─── Source material

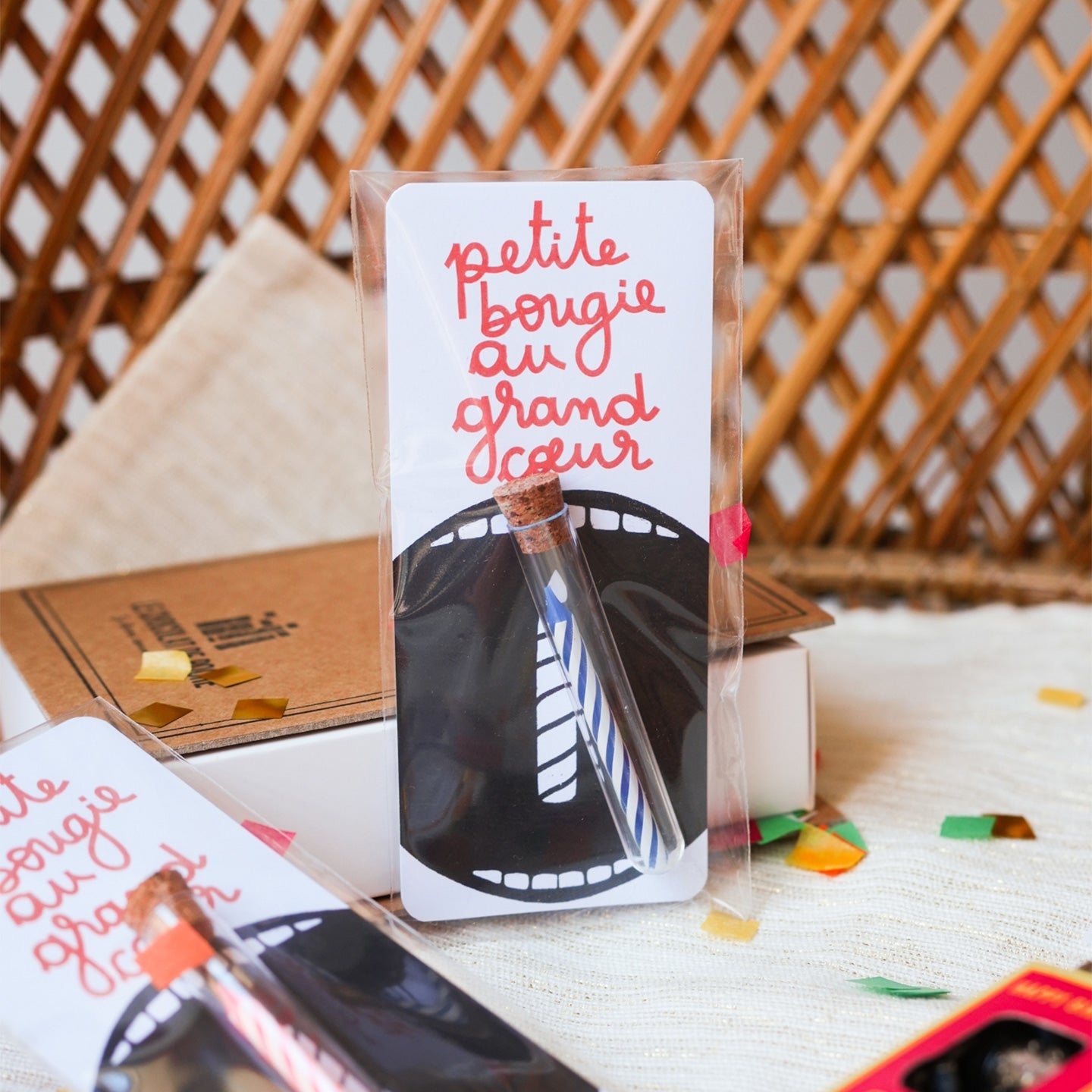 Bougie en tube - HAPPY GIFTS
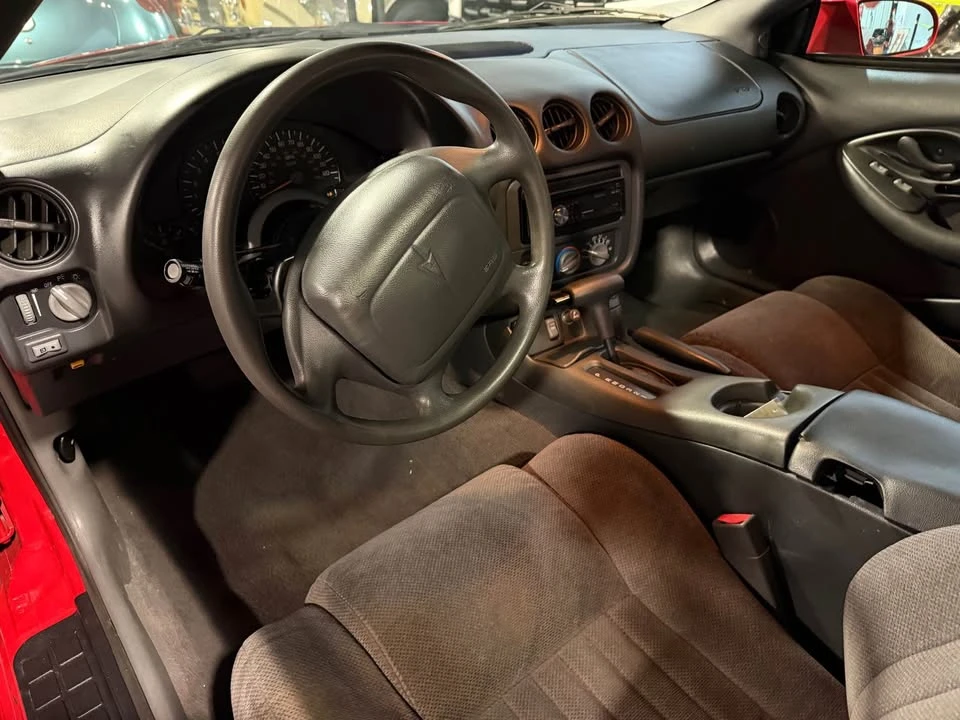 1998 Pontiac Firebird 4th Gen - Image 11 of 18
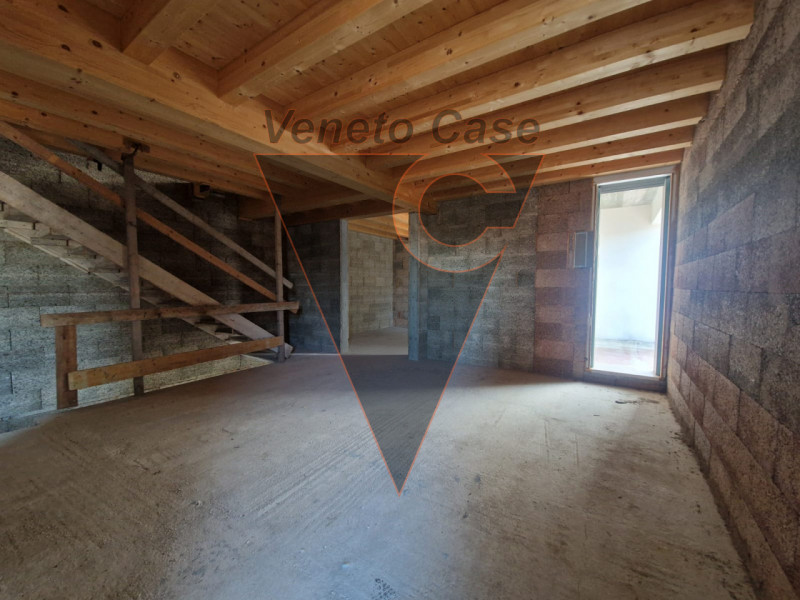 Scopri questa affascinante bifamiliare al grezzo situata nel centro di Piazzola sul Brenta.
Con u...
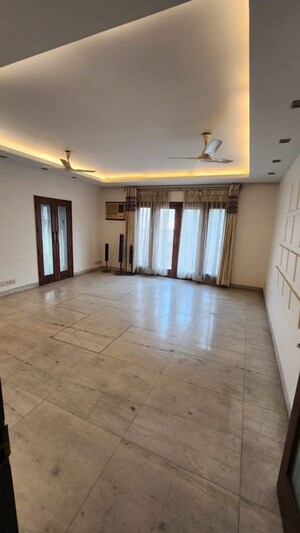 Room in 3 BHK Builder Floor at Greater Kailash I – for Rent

──────
─── Source material

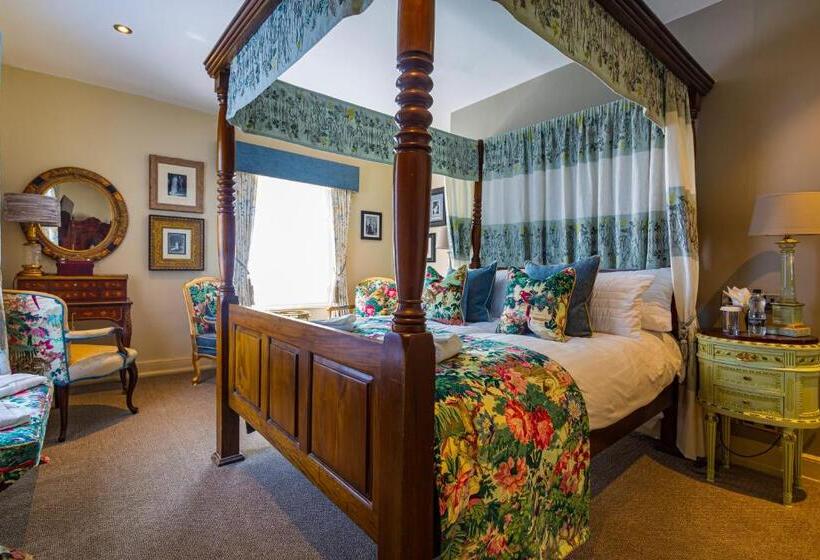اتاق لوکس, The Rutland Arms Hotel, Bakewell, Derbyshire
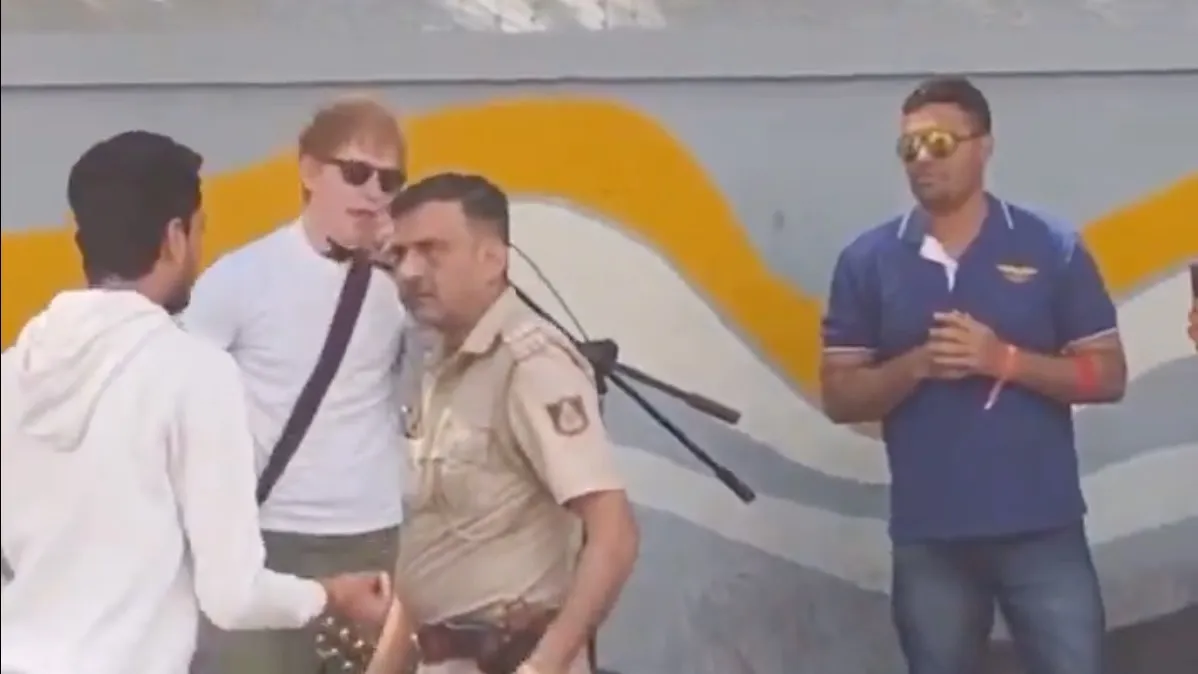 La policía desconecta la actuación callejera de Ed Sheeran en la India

──────
─── Source material

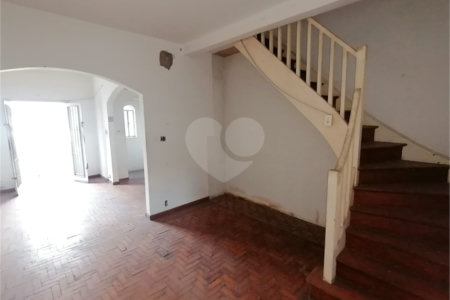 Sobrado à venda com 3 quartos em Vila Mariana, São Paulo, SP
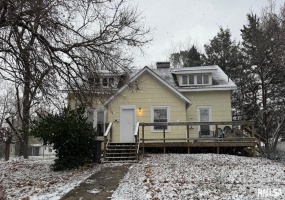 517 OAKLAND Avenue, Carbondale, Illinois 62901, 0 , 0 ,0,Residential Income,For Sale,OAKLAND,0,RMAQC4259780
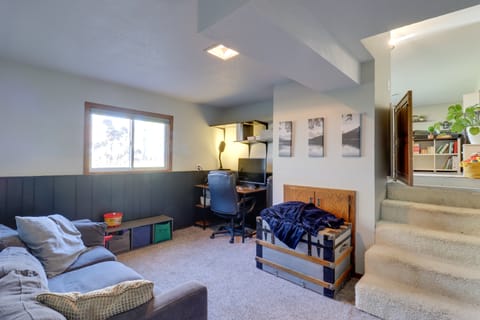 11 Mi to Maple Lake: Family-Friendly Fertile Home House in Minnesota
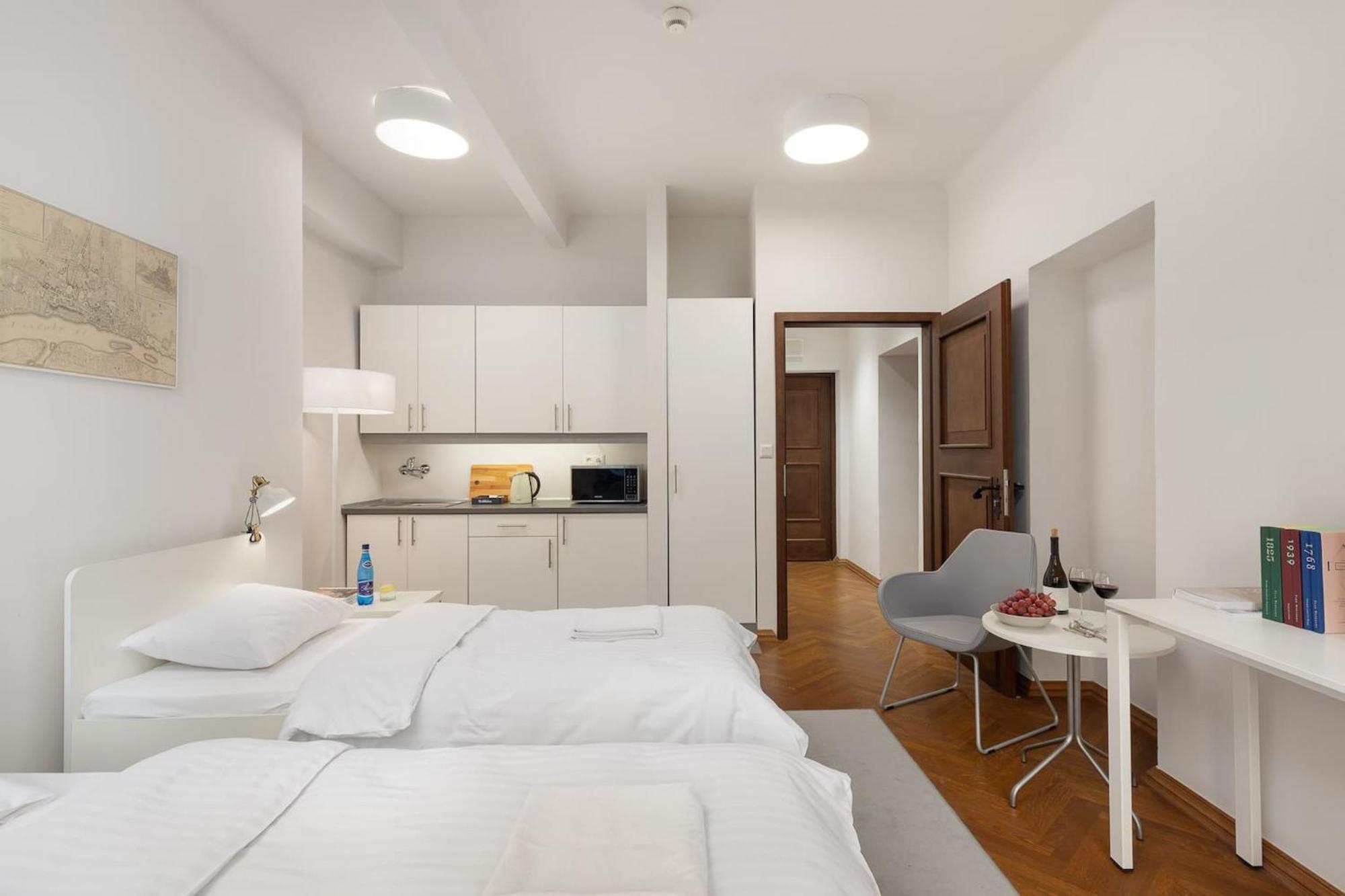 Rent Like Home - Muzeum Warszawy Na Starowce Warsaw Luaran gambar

──────

Task description >> In the material above, one part opens with the line containing "اتاق لوکس, The" and closes with the line containing "La policía desconecta". Write out that part exactly and skip its pictures.

Written response >>
اتاق لوکس, The Rutland Arms Hotel, Bakewell, Derbyshire
 La policía desconecta la actuación callejera de Ed Sheeran en la India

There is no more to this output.